__What the task asks__
A single stretch of the material below is to be transcribed exactly, starting at the line with "Pre-owned Assorted Brands Scarf In Green" and ending after the line with "Womens Ruben Seamed".

__Records provided__
══════════════════════════════

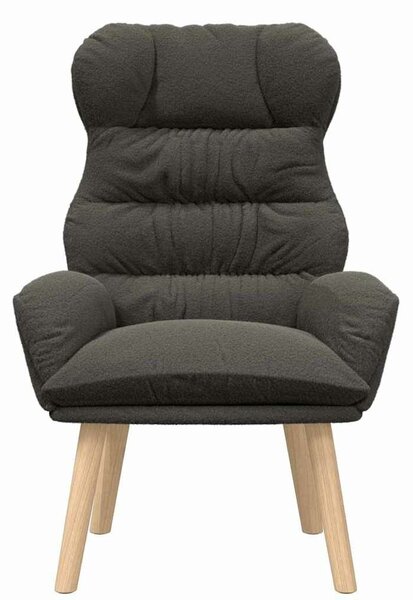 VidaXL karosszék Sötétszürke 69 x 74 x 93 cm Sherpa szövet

══════════════════════════════

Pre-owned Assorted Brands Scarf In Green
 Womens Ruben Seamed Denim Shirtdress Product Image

══════════════════════════════

__Response to this exercise__
Pre-owned Assorted Brands Scarf In Green
 Womens Ruben Seamed Denim Shirtdress Product Image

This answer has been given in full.